Ever find yourself scrub-a-dub-dubbing in the bath or shower, musing upon the origin of intelligent life in the universe and how they make soap? Well, as far as the first question goes, the jury is still out on whether there is indeed intelligent life in the universe. But we can certainly answer your questions about soapmaking.

Soap base is made by mixing fat with an alkali, a process called saponification. In the old days soapmakers used the ashes of plants like the soapwort and barilla for the alkali. But ever since Nicolas Leblanc figured out how to synthesize the active ingredient, sodium hydroxide (a.k.a. lye), in late 18th c. France, that’s what everyone’s been using.

When it comes to which fat to use, however, there are still lots of options: saturated, unsaturated, poly, mono, animal, vegetable.

Most soaps are made from a tallow base (that’s right, animal fat…whence comes the expression “soap rendering”). It doesn’t matter how many flowers are on the package, or even how transparent the bar is, unless it specifically says “vegetable base” it’s probably tallow.

Why tallow? It’s cheap. It makes a great base for soap. And people have been using it for soap ever since Phoenicians started boiling up goat fat with wood ashes about 2500 years ago. (The first solid soap bar was made in the Middle East around the 8th century.)

We have a preference, aesthetic and otherwise, for soaps with a vegetable-base, which tend to be made with a blend of 80% palm oil and 20% coconut oil, but can also contain olive and/or other vegetable oils. The base for true Castile soaps, for example, is primarily olive oil, as is the base of our Jardin d’Olivier soap.

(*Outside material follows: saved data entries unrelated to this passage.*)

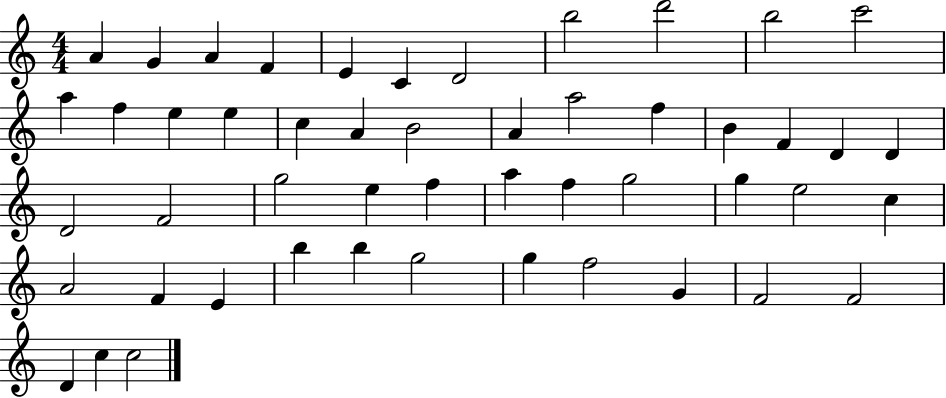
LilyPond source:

{
  \clef treble
  \numericTimeSignature
  \time 4/4
  \key c \major
  a'4 g'4 a'4 f'4 | e'4 c'4 d'2 | b''2 d'''2 | b''2 c'''2 | \break a''4 f''4 e''4 e''4 | c''4 a'4 b'2 | a'4 a''2 f''4 | b'4 f'4 d'4 d'4 | \break d'2 f'2 | g''2 e''4 f''4 | a''4 f''4 g''2 | g''4 e''2 c''4 | \break a'2 f'4 e'4 | b''4 b''4 g''2 | g''4 f''2 g'4 | f'2 f'2 | \break d'4 c''4 c''2 | \bar "|."
}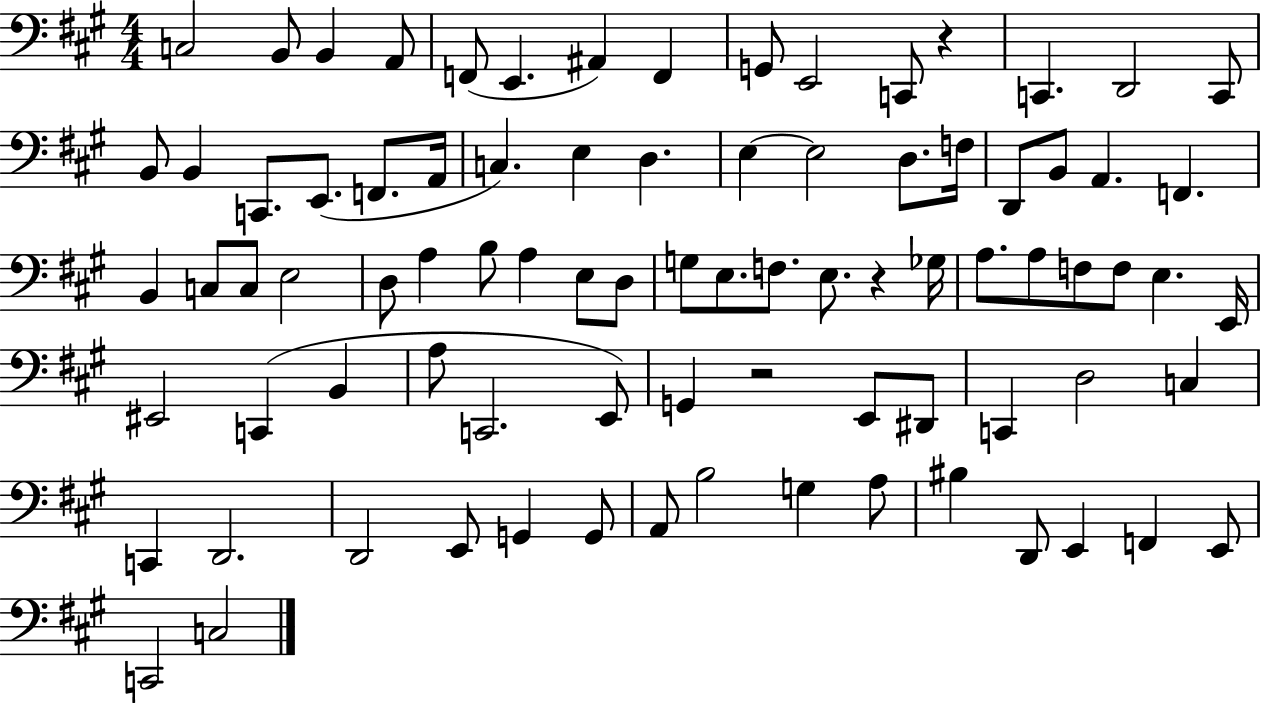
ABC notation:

X:1
T:Untitled
M:4/4
L:1/4
K:A
C,2 B,,/2 B,, A,,/2 F,,/2 E,, ^A,, F,, G,,/2 E,,2 C,,/2 z C,, D,,2 C,,/2 B,,/2 B,, C,,/2 E,,/2 F,,/2 A,,/4 C, E, D, E, E,2 D,/2 F,/4 D,,/2 B,,/2 A,, F,, B,, C,/2 C,/2 E,2 D,/2 A, B,/2 A, E,/2 D,/2 G,/2 E,/2 F,/2 E,/2 z _G,/4 A,/2 A,/2 F,/2 F,/2 E, E,,/4 ^E,,2 C,, B,, A,/2 C,,2 E,,/2 G,, z2 E,,/2 ^D,,/2 C,, D,2 C, C,, D,,2 D,,2 E,,/2 G,, G,,/2 A,,/2 B,2 G, A,/2 ^B, D,,/2 E,, F,, E,,/2 C,,2 C,2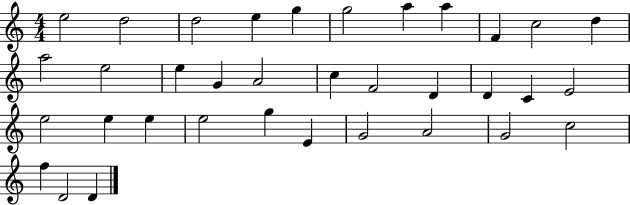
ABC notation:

X:1
T:Untitled
M:4/4
L:1/4
K:C
e2 d2 d2 e g g2 a a F c2 d a2 e2 e G A2 c F2 D D C E2 e2 e e e2 g E G2 A2 G2 c2 f D2 D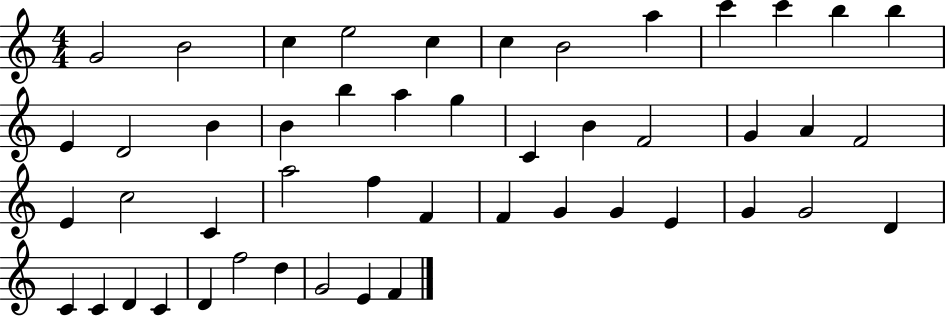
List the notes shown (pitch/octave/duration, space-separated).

G4/h B4/h C5/q E5/h C5/q C5/q B4/h A5/q C6/q C6/q B5/q B5/q E4/q D4/h B4/q B4/q B5/q A5/q G5/q C4/q B4/q F4/h G4/q A4/q F4/h E4/q C5/h C4/q A5/h F5/q F4/q F4/q G4/q G4/q E4/q G4/q G4/h D4/q C4/q C4/q D4/q C4/q D4/q F5/h D5/q G4/h E4/q F4/q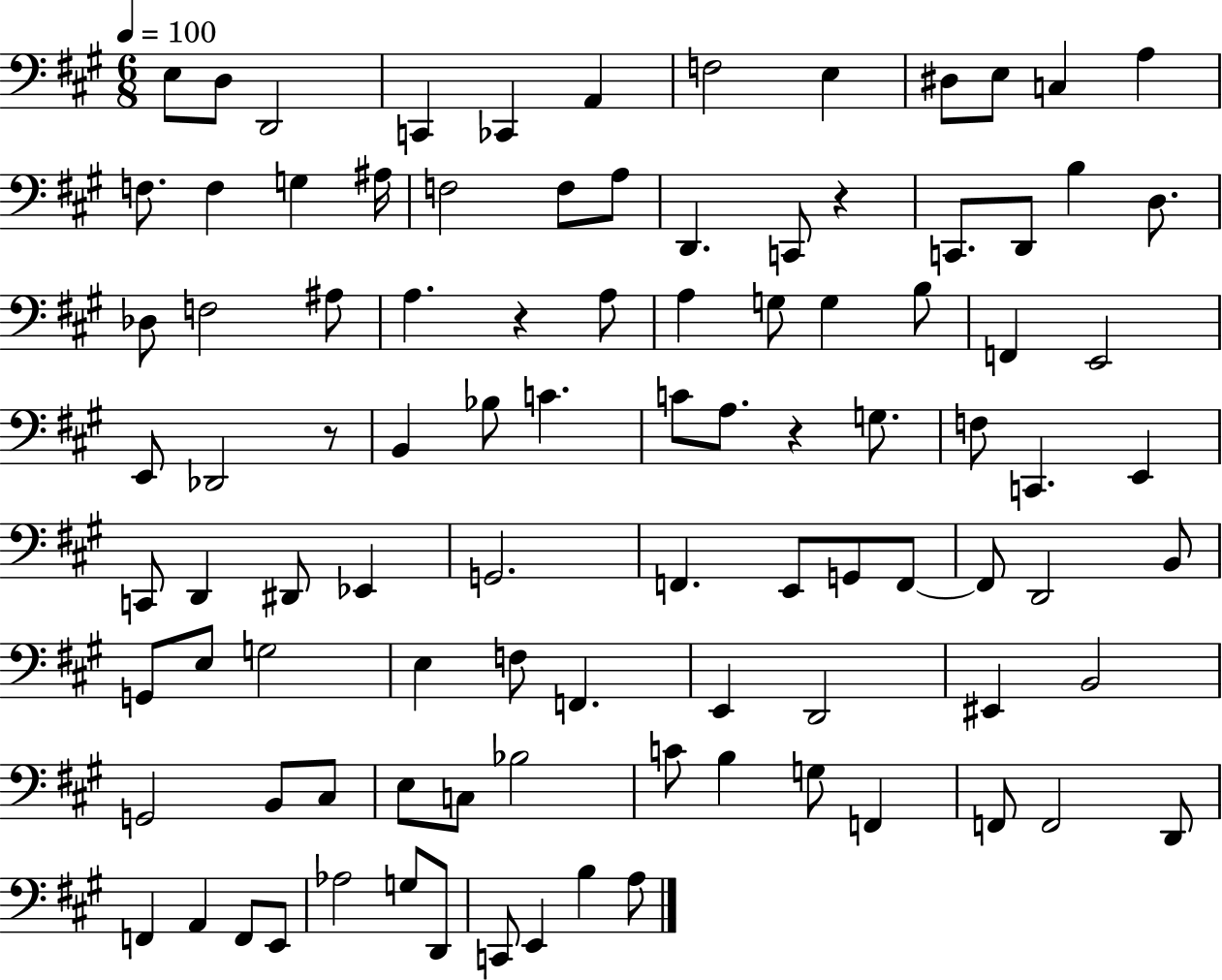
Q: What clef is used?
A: bass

How about glycerine soaps? Well here’s a little-known fact: You don’t have to add glycerine to make a glycerine soap base. You just have to leave it in! When you mix fat with lye, the reaction creates about 93% soap and 7% glycerine. Usually all but about 1/2% of that glycerine is removed. In glycerine soap, it’s left in (and, occasionally, more is added to bring that level up to around 10%). Also, just because the soap is clear doesn’t mean it has a vegetable base.

What’s a superfatted soap? One where they’ve added additional oil or fat (often lanolin) to the base after saponification. How about Castile soap? A soap with a base that’s primarily olive oil and made in the Castile area of Spain. (Unless, of course, it’s just a soap word with the word “Castile” on the label).